In the records below, find the lines that include "will" and copy each.

[Records provided]
============
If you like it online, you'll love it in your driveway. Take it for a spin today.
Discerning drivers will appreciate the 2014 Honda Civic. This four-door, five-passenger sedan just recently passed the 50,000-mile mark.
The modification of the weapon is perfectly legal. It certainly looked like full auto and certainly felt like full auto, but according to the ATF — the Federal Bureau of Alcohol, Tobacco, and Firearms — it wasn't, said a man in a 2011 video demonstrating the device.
============
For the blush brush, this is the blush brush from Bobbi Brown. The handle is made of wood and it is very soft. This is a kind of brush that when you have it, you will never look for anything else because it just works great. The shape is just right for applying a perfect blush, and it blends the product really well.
============
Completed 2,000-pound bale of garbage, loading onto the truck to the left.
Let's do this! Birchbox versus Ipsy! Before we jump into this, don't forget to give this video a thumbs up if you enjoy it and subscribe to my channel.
============
[Answer to the problem]
Discerning drivers will appreciate the 2014 Honda Civic. This four-door, five-passenger sedan just recently passed the 50,000-mile mark.
For the blush brush, this is the blush brush from Bobbi Brown. The handle is made of wood and it is very soft. This is a kind of brush that when you have it, you will never look for anything else because it just works great. The shape is just right for applying a perfect blush, and it blends the product really well.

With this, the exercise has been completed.